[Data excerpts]
+===+

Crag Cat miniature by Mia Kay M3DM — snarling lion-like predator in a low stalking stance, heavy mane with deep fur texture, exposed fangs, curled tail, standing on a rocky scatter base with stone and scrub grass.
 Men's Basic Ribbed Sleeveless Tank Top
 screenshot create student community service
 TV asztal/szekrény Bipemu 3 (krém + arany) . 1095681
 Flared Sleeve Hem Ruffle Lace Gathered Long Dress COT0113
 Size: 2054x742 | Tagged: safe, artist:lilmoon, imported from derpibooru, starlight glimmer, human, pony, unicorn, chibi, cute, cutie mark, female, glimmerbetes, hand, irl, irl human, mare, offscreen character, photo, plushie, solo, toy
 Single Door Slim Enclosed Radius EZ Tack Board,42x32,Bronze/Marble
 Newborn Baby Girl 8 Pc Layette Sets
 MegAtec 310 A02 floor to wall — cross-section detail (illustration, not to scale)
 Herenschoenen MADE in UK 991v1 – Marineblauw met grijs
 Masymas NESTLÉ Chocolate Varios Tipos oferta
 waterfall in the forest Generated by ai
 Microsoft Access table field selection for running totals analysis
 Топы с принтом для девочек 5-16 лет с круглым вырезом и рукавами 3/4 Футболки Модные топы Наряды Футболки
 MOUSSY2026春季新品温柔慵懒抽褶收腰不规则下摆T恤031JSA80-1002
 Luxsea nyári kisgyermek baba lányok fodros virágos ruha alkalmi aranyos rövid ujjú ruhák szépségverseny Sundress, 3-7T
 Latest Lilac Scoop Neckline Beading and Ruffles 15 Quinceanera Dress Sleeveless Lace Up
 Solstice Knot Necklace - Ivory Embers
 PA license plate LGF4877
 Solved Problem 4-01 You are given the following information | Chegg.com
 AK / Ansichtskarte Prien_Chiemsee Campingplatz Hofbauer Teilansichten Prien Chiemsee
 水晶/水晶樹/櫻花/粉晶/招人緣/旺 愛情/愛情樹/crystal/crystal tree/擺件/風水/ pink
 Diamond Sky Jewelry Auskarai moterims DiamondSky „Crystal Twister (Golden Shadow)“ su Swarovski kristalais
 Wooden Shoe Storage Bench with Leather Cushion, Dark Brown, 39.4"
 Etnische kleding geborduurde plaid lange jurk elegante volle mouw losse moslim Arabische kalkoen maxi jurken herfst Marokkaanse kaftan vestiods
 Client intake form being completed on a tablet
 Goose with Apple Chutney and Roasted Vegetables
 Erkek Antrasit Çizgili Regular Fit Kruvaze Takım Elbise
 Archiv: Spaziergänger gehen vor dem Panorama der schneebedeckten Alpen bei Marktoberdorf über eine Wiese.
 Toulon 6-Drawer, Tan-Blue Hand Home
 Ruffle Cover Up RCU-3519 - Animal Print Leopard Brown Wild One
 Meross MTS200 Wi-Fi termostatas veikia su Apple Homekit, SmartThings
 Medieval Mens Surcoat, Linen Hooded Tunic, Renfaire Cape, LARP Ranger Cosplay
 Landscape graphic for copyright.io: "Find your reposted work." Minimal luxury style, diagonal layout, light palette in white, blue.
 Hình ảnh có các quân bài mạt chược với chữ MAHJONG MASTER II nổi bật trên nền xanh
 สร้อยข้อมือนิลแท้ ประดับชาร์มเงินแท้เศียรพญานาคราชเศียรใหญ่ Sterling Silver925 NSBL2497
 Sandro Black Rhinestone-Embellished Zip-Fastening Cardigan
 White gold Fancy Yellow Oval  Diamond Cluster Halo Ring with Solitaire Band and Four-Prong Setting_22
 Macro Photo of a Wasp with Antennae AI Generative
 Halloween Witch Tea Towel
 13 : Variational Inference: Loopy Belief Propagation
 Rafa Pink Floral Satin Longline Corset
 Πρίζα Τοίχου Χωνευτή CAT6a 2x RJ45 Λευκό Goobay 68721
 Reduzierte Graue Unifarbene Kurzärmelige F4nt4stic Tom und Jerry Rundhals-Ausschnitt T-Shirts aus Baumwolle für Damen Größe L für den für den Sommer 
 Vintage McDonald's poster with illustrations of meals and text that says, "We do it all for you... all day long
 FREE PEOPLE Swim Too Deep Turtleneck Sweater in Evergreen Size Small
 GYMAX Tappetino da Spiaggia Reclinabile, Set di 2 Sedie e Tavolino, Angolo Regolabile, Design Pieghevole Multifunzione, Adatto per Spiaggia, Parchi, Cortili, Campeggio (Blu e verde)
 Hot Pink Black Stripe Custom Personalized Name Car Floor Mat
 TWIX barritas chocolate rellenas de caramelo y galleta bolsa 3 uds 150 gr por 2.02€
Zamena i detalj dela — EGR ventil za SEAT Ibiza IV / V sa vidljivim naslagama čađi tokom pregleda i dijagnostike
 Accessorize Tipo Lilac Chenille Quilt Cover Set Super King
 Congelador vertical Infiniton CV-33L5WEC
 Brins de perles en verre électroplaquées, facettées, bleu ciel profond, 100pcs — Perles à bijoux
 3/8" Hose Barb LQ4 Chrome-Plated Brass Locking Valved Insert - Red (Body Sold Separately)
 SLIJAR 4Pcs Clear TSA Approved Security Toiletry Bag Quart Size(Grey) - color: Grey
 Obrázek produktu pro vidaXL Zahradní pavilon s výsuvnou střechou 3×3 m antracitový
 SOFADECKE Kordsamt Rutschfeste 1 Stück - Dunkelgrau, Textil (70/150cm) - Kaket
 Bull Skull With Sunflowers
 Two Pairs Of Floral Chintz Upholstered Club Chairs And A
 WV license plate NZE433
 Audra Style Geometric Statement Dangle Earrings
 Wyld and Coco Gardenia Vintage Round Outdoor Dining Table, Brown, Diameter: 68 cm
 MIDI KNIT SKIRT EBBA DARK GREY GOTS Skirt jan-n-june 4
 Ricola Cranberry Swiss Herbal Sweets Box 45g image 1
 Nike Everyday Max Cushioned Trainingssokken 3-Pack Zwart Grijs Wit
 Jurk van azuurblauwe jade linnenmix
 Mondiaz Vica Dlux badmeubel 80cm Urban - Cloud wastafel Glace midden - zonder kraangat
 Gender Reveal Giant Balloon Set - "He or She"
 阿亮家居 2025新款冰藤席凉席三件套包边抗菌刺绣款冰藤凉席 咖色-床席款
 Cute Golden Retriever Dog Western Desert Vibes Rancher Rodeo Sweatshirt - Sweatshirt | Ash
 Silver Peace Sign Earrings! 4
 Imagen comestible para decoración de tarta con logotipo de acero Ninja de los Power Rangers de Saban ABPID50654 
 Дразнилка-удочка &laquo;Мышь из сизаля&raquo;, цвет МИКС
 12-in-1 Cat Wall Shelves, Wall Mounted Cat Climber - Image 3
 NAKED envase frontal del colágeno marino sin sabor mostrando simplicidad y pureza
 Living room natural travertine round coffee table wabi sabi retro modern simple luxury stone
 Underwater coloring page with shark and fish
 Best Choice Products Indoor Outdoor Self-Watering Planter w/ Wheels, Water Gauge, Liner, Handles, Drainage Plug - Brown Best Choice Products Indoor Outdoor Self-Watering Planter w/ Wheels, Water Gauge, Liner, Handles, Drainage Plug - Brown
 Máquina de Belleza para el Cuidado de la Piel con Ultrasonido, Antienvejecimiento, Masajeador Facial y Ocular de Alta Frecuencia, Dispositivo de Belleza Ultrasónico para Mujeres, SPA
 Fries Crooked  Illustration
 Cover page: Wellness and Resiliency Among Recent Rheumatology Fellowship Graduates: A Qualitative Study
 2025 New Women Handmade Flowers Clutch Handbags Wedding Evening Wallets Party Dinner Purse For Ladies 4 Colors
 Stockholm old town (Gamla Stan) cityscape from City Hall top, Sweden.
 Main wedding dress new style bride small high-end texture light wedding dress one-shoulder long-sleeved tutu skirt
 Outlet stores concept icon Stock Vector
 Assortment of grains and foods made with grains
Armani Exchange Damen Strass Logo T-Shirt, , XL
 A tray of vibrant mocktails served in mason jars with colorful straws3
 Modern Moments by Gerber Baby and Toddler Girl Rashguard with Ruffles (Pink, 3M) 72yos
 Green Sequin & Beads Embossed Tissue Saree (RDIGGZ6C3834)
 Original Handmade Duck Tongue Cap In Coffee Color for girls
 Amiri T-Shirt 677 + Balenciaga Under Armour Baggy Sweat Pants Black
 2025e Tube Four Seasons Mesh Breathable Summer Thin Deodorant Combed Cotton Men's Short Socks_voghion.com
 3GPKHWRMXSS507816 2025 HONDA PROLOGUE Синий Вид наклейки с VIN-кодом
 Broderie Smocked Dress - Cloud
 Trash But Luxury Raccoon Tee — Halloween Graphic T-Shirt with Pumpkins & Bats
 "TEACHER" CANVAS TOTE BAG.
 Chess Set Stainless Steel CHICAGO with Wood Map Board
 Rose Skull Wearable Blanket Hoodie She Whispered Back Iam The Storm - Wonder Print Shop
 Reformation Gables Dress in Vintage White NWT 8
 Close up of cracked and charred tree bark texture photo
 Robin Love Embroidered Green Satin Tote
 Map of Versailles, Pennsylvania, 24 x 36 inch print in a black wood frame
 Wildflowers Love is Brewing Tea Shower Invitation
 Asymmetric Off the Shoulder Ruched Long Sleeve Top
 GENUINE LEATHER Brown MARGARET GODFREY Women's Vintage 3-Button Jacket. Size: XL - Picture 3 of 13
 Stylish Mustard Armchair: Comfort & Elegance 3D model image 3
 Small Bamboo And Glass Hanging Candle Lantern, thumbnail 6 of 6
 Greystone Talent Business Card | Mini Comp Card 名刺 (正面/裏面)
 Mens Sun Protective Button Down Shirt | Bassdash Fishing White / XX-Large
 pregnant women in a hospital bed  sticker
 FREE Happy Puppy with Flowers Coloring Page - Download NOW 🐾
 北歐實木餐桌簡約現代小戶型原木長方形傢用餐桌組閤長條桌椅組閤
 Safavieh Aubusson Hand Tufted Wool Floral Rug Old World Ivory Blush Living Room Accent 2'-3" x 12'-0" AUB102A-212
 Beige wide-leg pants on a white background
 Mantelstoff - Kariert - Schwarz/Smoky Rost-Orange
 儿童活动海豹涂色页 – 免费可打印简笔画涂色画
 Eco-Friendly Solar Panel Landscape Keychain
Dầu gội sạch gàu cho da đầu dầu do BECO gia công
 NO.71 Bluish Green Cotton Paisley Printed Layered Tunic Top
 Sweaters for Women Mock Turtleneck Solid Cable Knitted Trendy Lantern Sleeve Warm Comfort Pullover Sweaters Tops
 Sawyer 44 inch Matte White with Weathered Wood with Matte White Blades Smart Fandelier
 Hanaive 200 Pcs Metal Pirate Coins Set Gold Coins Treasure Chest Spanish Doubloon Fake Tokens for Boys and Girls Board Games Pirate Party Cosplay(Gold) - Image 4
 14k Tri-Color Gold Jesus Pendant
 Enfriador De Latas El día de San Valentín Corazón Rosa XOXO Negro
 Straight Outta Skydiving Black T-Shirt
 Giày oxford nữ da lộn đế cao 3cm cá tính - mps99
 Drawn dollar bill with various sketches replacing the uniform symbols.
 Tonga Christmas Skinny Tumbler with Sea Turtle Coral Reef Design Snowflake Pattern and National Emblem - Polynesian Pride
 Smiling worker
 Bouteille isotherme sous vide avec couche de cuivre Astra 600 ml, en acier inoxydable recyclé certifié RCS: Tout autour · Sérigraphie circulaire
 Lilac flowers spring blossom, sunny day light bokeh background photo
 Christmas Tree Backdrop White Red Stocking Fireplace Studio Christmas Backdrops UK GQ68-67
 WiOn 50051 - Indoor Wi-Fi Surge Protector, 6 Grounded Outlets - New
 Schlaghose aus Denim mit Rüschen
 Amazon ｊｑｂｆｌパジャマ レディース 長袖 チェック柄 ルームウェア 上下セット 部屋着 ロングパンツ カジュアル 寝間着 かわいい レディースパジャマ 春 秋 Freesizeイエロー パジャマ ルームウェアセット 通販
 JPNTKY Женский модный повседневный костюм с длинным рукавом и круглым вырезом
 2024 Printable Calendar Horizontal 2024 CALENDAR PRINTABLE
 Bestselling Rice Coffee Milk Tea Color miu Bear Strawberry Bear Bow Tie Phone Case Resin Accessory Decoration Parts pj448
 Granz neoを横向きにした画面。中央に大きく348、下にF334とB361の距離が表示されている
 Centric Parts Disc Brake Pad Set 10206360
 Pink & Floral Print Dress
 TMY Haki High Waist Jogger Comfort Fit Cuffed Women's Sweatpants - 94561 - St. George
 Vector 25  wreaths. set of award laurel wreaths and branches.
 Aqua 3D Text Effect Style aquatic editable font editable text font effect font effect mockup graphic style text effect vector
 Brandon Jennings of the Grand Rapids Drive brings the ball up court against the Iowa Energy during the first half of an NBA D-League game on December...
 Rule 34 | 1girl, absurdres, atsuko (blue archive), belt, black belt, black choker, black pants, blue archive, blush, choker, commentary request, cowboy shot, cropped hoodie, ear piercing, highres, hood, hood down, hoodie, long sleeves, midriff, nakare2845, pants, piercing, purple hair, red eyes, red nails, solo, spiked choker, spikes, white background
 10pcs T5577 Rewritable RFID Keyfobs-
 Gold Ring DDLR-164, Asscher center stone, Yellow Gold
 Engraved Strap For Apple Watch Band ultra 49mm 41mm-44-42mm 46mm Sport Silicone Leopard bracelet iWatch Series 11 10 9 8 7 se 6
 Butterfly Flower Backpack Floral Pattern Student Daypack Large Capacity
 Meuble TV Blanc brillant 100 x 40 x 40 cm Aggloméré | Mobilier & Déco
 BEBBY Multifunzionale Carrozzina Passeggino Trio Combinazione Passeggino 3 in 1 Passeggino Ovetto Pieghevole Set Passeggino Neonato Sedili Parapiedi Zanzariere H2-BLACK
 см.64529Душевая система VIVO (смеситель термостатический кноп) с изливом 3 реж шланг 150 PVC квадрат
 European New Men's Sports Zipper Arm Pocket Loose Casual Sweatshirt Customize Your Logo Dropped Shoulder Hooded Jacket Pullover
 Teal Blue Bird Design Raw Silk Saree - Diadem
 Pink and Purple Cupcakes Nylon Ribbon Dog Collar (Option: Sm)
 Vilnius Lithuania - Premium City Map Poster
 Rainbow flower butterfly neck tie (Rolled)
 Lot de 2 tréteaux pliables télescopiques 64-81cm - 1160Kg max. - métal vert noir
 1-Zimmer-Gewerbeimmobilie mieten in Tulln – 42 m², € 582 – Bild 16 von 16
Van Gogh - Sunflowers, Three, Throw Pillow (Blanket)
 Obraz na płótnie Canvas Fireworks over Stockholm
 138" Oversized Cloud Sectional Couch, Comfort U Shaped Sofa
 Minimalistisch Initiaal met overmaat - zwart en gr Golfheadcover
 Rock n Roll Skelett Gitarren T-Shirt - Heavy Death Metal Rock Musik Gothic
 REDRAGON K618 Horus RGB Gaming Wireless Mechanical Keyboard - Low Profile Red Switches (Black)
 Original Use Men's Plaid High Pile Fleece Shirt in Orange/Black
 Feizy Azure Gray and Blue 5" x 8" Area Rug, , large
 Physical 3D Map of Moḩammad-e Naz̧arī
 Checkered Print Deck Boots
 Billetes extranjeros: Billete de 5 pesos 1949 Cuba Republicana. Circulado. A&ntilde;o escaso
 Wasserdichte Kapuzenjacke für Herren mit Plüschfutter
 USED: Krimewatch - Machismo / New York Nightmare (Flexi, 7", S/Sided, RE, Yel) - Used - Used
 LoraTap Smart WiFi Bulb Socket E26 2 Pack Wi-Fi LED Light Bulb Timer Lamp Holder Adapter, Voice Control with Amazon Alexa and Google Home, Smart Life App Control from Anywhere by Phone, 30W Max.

+===+

- Work instructions:
What are the lines above, starting at the one with "Pink and Purple" and ending at the one with "Van Gogh - Sunflowers, Three, Throw"? Give them again exactly, and only them.

- Completed task:
 Pink and Purple Cupcakes Nylon Ribbon Dog Collar (Option: Sm)
 Vilnius Lithuania - Premium City Map Poster
 Rainbow flower butterfly neck tie (Rolled)
 Lot de 2 tréteaux pliables télescopiques 64-81cm - 1160Kg max. - métal vert noir
 1-Zimmer-Gewerbeimmobilie mieten in Tulln – 42 m², € 582 – Bild 16 von 16
Van Gogh - Sunflowers, Three, Throw Pillow (Blanket)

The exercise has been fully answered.